127. «ПОЭТУ». Три части «Эпилога» были написаны неодновременно, и они неодновременно впервые вышли в свет. Первые два стихотворения были напечатаны в предпоследнем выпуске журнала «Весы», 1909, 10–11. (Декабрьской книжкой «Весы» прекратили свое существование); сонет, составляющий третию часть, появился под заглавием «Apollini» в первом, октябрьском Ns новорожденного журнала «Аполлон», 1909,1.
128. «ЭРОС». Раньше своего появления на страницах «Cor Ardens» «Эрос» был опубликован в виде отдельной «Книги Лирики». СПб. 1907. Изд. «Оры». 86 стр.Личные переживания, в тех стихах отразившиеся, относятся (по словам самого В. И.) ко времени «от колыбели осенней луны до второго ущерба». За эти два месяца и до середины ноября писался «Эрос». Стихи немедленно стали набираться в типографии изд. «Оры». В начале января книга вышла. В. И. сообщает Брюсову 9.1.1907.: — «… пишу только два слова. Посылаю «Эроса». Сегодня лишь он появился в свет. Брошуровщик подвел.» (См. ниже «Дневник 1906 г.» и Том I стр.97–101).
129. «BREVE AEVUM SEPARATUM». Написано в 1908 г. См. Том I, стр.130–131. На зти слова была написана музыка — Михаилом Кузминым, еще на «башне», и Лидией В. Ивановой в 1944 г. в Риме. «Гимн» Кузмина был напечатан в СА (см. стр.829).

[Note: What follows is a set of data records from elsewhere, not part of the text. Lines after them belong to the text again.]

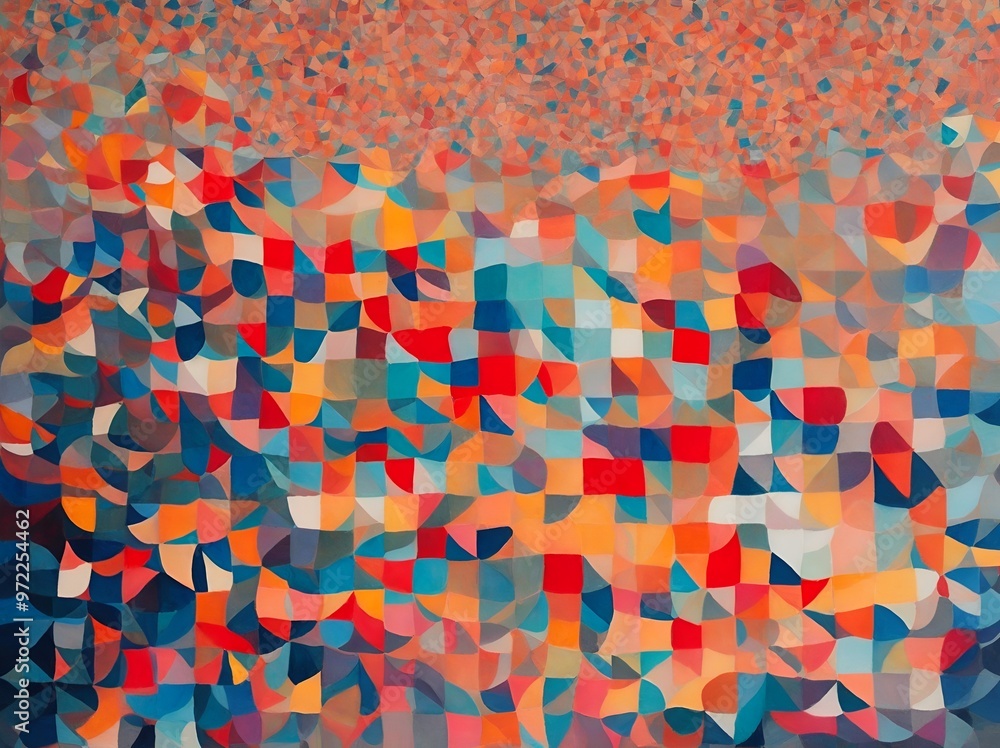Colorful Abstract Painting With Diverse Shapes and Vibrant Patterns. Generative AI. Colorful Abstract Painting With Diverse Shapes and Vibrant Patterns. Generative AI.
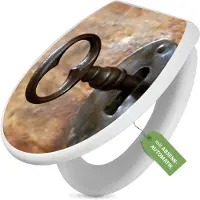 Banjado Toilettendeckel weiß mit Absenkautomatik und Motiv Schlüssel [TDW 11300]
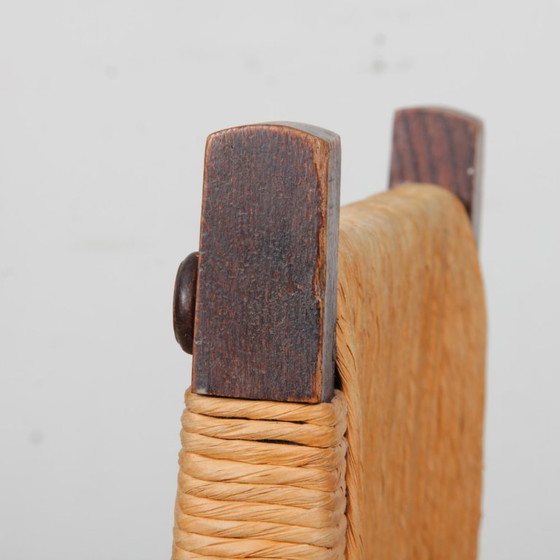 Image 1 of Set of 4 straw-seated chairs in solid oak, 1950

130. «КАНЦОНА I». Канцона состоит из 9 песен, структурно воспроизводящих Петраркову «Канцону I. на смерть Лауры». Даты первых двух песен В. И. указывает сам: 15 июня 1908 г. он записал в Дневник — «Вчера я кончил первую канцону (канцона здесь означает первую песню — О. Д.), которая тронула Марусю до слез, и Кузмина, у которого загорелись глаза.» Дата второй песни дана в самом стихотворении:
131. «ЧИТАТЕЛЮ». Стихотворение написано 29 августа 1909 г. Запись в дневнике от этого числа — «Написал стихотворение о Смерти, ироническое, которое хочу посвятить «Читателю» книги «Любовь и Смерть» и отдать в сборник, чтобы не обижать этих хулиганов отказом от участия.» А за одиннадцать дней до того, 18 авг., В. И. отмечает: 18 авг. — «Визит Архипова и Абрамовича ради моих сонетов в альманах «Смерть». Кажется был глуп и слабохарактерен, или по своему наивен, дав им какие–то обещания.» Стихи появились в Альманахе «Смерть». СПб. изд. «Нового Журнала для всех», 1910. Заглавия нет. В. И. перепечатал сонет тот в СА, не изменив ни одного слова; прибавил лишь заглавие: «Читателю». Единственное разночтение: замена в конце первой строки, точки в Альманахе (Божью.) двоеточием (Божью:) в СА. «СПОР». В «Дневнике 1908», 15 июня В. И. дает самому себе обещание: «42 сонета и 12 канцон должны, по меньшей мере, войти в мою будущую книжку «sub specie mortis» по числу лет нашей жизни и лет жизни совместной. (…) Кузмин советует написать соединительный текст в прозе по образцу ’Vita Nova’. «Соединительного текста» В. И. писать не хотел, а книгу написал, и вошли в нее 49 сонетов и 17 канцон. Через месяц после того самообещания 28. VII. 1908. В. И. сообщает Брюсову: «Я пишу книжку лирики. Если можешь в осенних №№ поместить еще мой цикл, извести: я охотно дам его «Весам».» Цикл этот — девять сонетов — под заглавием — «Спор» появился в «Весах», 1909, 2. Разночтения:
132. «ВЕНОК СОНЕТОВ». Была в жизни В. И. душевно страшная пора, когда он писал свой первый «Венок Сонетов». А «ключом» к этой «круговой песне» послужил старый сонет из «Кормчих Звезд», напевшийся в счастливейшие, дионисийские часы. Сонеты «Венка» как и все циклы сонетов и канцон, предназначавшихся для книжки «Любовь и Смерть» были закончены к весне 1909 г. В. И. читал их друзьям. Сперва он хотел собрание сонетов и канцон издать отдельным томиком как «Эрос»; потом он от мысли этой отказался. Циклы стихотворений порознь появлялись в периодической печати. Полностью книжка «Любовь и Смерть» вошла в СА. «Венок Сонетов» был опубликован «Аполлоном», 1910, 5.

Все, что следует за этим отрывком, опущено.